Getting started: Writing your own HTTP/1.1 client¶
h11 can be used to implement both HTTP/1.1 clients and servers. To give a flavor for how the API works, we’ll demonstrate a small client.
HTTP basics¶
An HTTP interaction always starts with a client sending a request,
optionally some data (e.g., a POST body); and then the server
responds with a response and optionally some data (e.g. the
requested document). Requests and responses have some data associated
with them: for requests, this is a method (e.g. GET
), a target
(e.g. /index.html
), and a collection of headers
(e.g. User-agent: demo-clent
). For responses, it’s a status code
(e.g. 404 Not Found) and a collection of headers.

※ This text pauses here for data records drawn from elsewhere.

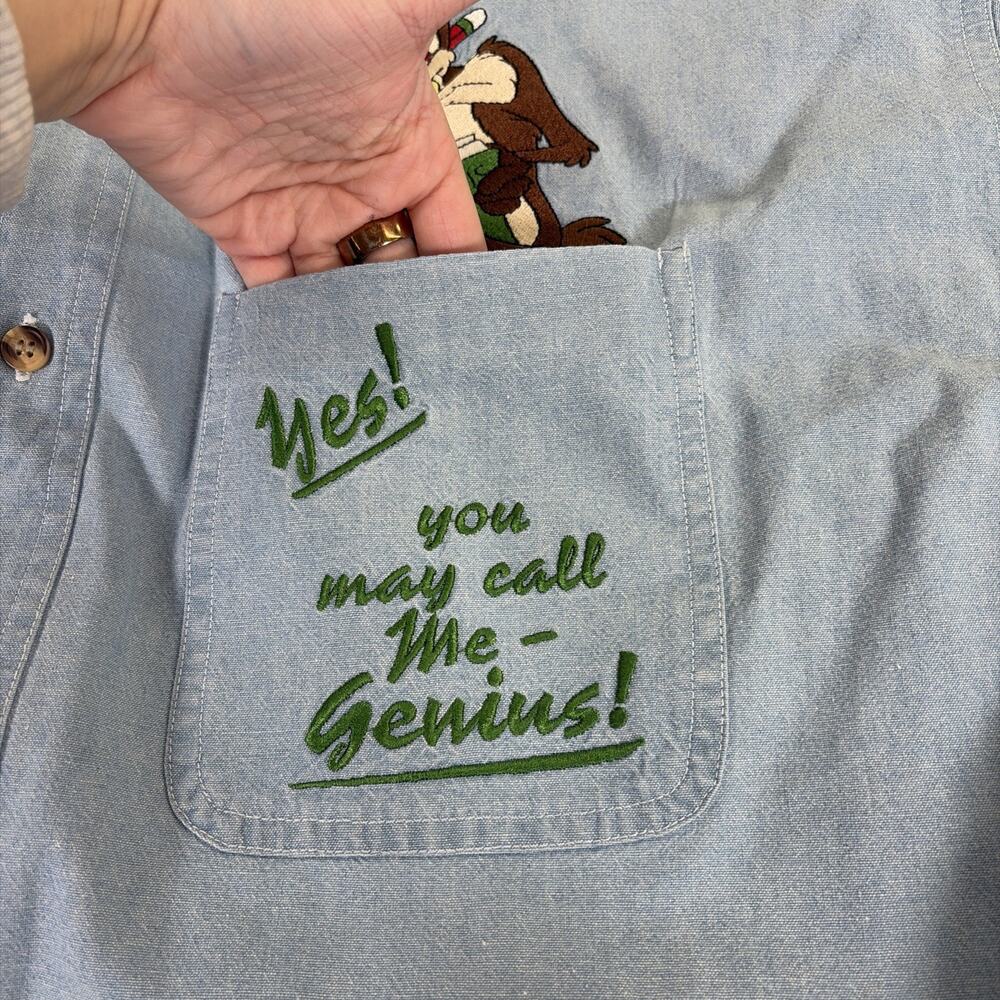 Vintage 1995 Warner Bros. Studio Store Wile E. Coyote Genius Denim Shirt Large - Picture 2 of 14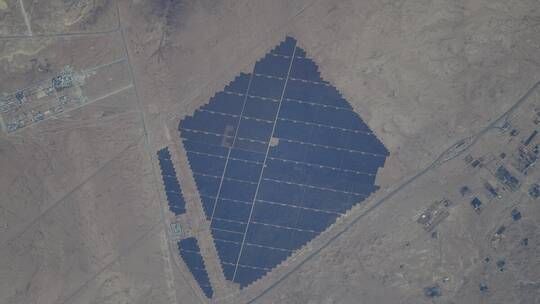 الخليج اليوم .. صورة فضائية لأكبر محطة طاقة شمسية في السعودية بعدسة رائد فضاء روسي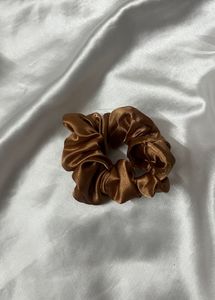 Neutral Satin Scrunchie Set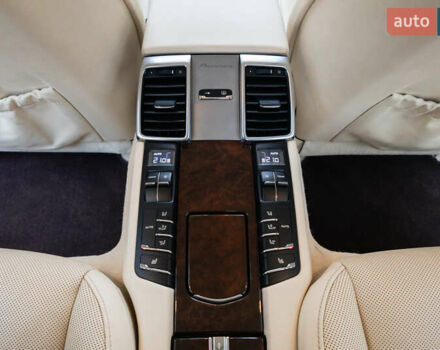 Белый Порше Панамера, объемом двигателя 4.81 л и пробегом 129 тыс. км за 26000 $, фото 49 на Automoto.ua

Of course, as far as the network is concerned, there’s no such thing as “requests” and “responses” – there’s just bytes being sent from one computer to another. Let’s see what this looks like, by fetching https://httpbin.org/xml:
In [1]: import ssl, socket
In [2]: ctx = ssl.create_default_context()

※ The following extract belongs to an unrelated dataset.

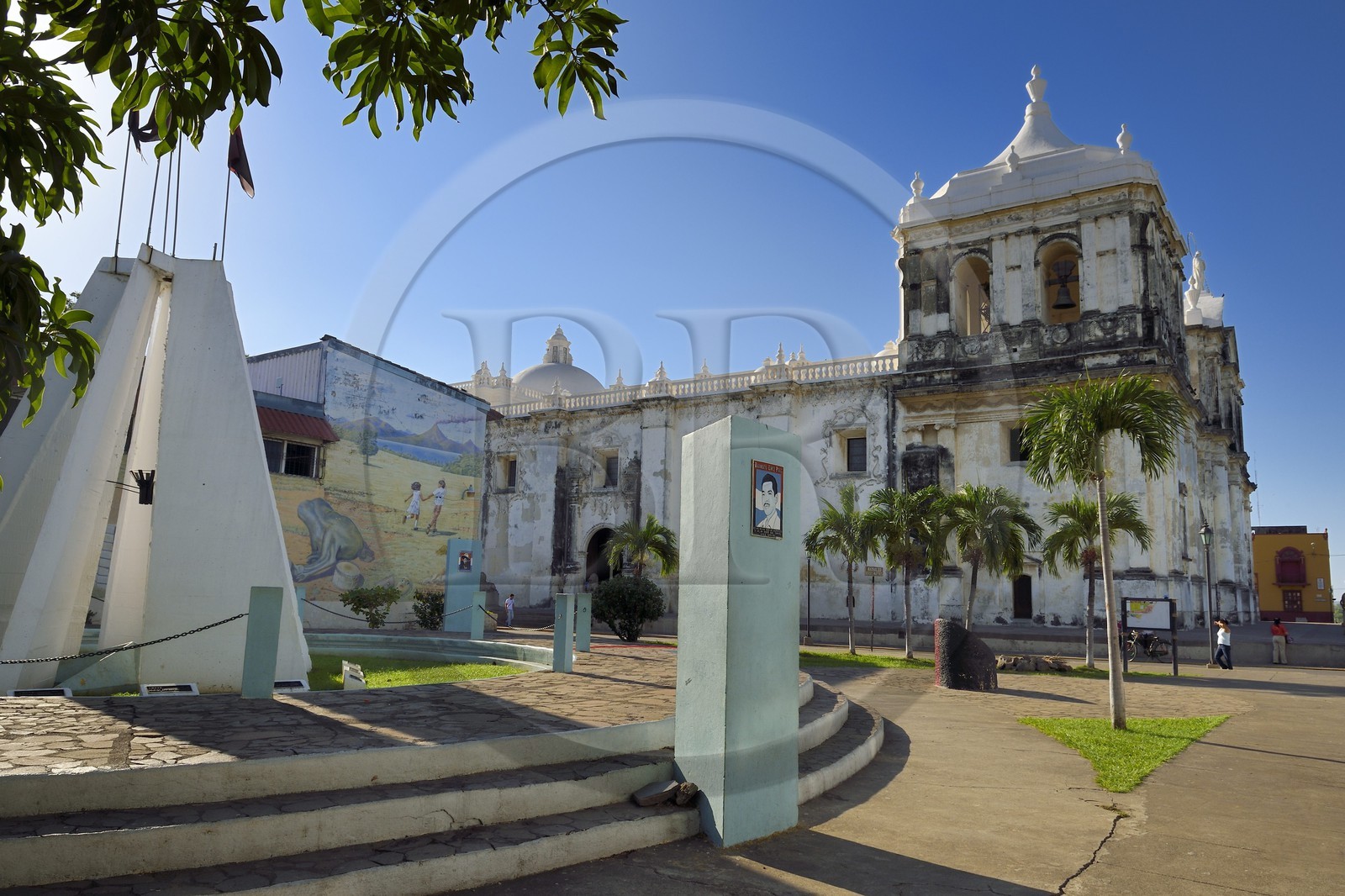 Nicaragua, Leon, parc des Héros et Martyres, à gauche le Monumento a los Caidos (monument aux morts de la révolution sandiniste) et la Cathédrale basilique royale de l'Assomption de la Bienheureuse Vierge Marie (Basilica Catedral de la Asuncion) classée Patrimoine Mondial de l'UNESCO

In [3]: sock = ctx.wrap_socket(socket.create_connection(("httpbin.org", 443)),
...: server_hostname="httpbin.org")
...:
# Send request
In [4]: sock.sendall(b"GET /xml HTTP/1.1\r\nhost: httpbin.org\r\n\r\n")
# Read response
In [5]: response_data = sock.recv(1024)
# Let's see what we got!
In [6]: print(response_data)
b'HTTP/1.1 200 OK\r\nDate: Sun, 25 Sep 2022 15:43:41 GMT\r\nContent-Type: application/xml\r\nContent-Length: 522\r\nConnection: keep-alive\r\nServer: gunicorn/19.9.0\r\nAccess-Control-Allow-Origin: *\r\nAccess-Control-Allow-Credentials: true\r\n\r\n'
Warning
If you try to reproduce these examples interactively, then you’ll
have the most luck if you paste them in all at once. Remember we’re
talking to a remote server here – if you type them in one at a
time, and you’re too slow, then the server might give up on waiting
for you and close the connection. One way to recognize that this
has happened is if response_data
comes back as an empty string,
or later on when we’re working with h11 this might cause errors
that mention ConnectionClosed
.
So that’s, uh, very convenient and readable. It’s a little more understandable if we print the bytes as text:
In [7]: print(response_data.decode("ascii"))
HTTP/1.1 200 OK
Date: Sun, 25 Sep 2022 15:43:41 GMT
Content-Type: application/xml
Content-Length: 522
Connection: keep-alive
Server: gunicorn/19.9.0
Access-Control-Allow-Origin: *
Access-Control-Allow-Credentials: true
Here we can see the status code at the top (200, which is the code for “OK”), followed by the headers, followed by the data (a silly little XML document). But we can already see that working with bytes by hand like this is really cumbersome. What we need to do is to move up to a higher level of abstraction.
This is what h11 does. Instead of talking in bytes, it lets you talk
in high-level HTTP “events”. To see what this means, let’s repeat the
above exercise, but using h11. We start by making a TLS connection
like before, but now we’ll also import h11
, and create a
h11.Connection
object:
In [8]: import ssl, socket
In [9]: import h11
In [10]: ctx = ssl.create_default_context()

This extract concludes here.